These adjustments will increase the commit size of the inserts which will result in faster writes to some degree.
The bottom line is keep tablock on, test on the server. BDD is working.

Extract data with an OLE DB faster

Hi everyone I'm trying to extract a lot of records from a lot of joined tables and views using SSIS (OLE DB SOURCE) but it takes a huge time! the problem is due to the query because when I parsed it on sql server it takes more than hour ! Her's my ssis package design
I thought of paralleled extraction using two OLE DB source and merge join but it isn't recommended using it! besides it takes more time!
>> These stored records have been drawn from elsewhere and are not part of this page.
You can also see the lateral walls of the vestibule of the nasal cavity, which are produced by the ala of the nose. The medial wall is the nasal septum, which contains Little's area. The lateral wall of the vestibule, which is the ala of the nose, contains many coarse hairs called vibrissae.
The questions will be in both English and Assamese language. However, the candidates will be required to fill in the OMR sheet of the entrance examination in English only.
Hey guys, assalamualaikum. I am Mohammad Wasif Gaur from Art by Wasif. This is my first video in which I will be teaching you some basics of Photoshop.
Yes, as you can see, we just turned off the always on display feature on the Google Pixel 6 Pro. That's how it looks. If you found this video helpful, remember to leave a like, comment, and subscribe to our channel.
Is there any way to help me please?
Writing the T-sql query with all the joins in the OLEDB source will always be faster than using different source and then using Merge Join IMHO. The reason is SSIS is memory Oriented architecture .It has to bring all the data from N different tables into its buffers and then filter it using Merge join and more over Merge Join is an asynchronous component(Semi Blocking) therefore it cannot use the same input buffer for its output .A new buffer is created and you may run out of memory if there are large number of rows extracted from the table.
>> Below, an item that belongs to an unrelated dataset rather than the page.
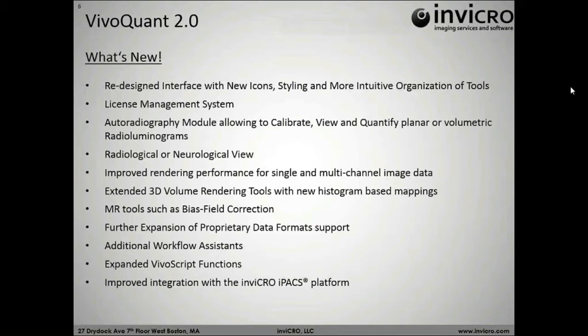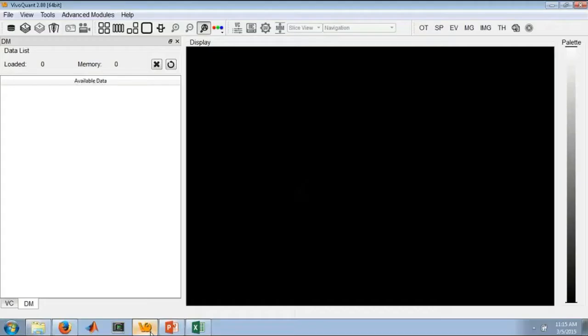If I do miss something that you really want us to go back and review, or if you have additional questions after the call, feel free to reach out to your Invigrow account manager or support at invigrow.com. So here we have it, the new VivoQuant 2.0. The first thing you'll notice right off the bat, the buttons have all changed colors.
Having said that there are few ways you can enhance the extraction performance using OLEDB source
1.Tune your SQL Query .Avoid using Select *
2.Check network bandwidth .You just cannot have faster throughput than your bandwidth supports.
3.All source adapters are asynchronous .The speed of an SSIS Source is not about how fast your query runs .It's about how fast the data is retrieved .
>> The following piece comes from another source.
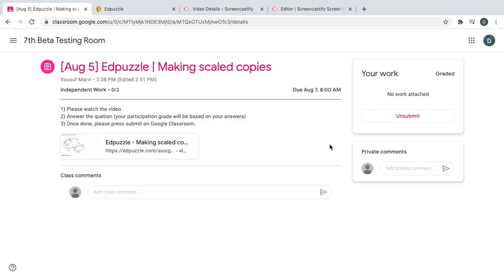You have now successfully finished and turned in an Edpuzzle video assignment on Google Classroom. Let us know if you have any questions.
As others have suggested above ,you should show us the query and also the time it is taking to retireve the data else these are just few optimization technique which can make the extraction faster
Thank you for posting a screen shot of your data flow. I doubt whether the slowness you encounter is truly the fault of the OLE DB Source component.
Instead, you have 3 asynchronous components that result in a 2 full blocks of your data flow and one that's partially blocking (AGG, SRT, MRJ). That first aggregate will have to wait for all 500k rows to arrive before it can finish the aggregate and then pass it along to the sort.
These transformations also result in fragmented memory. Normally, a memory buffer is filled with data and visits each component in a data flow. Any changes happen directly to that address space and the engine can parallelize operations if it can determine step 2 is modifying field X and step 3 is modifying Y. The async components are going to cause data to be copied from one space to another. This is a double slow down. The first is the physical act of copying data from address space 0x01 to 0xFA or something. The second is that it reduces the available amount of memory for the dtexec process. No longer can SSIS play with all N gigs of memory. Instead, you'll have quartered your memory and after each async is done, that memory partition is just left there until the data flow completes.
If you want this run better, you'll need to fix your query. It may result in your aggregated data being materialized into a staging table or all in one big honkin' query.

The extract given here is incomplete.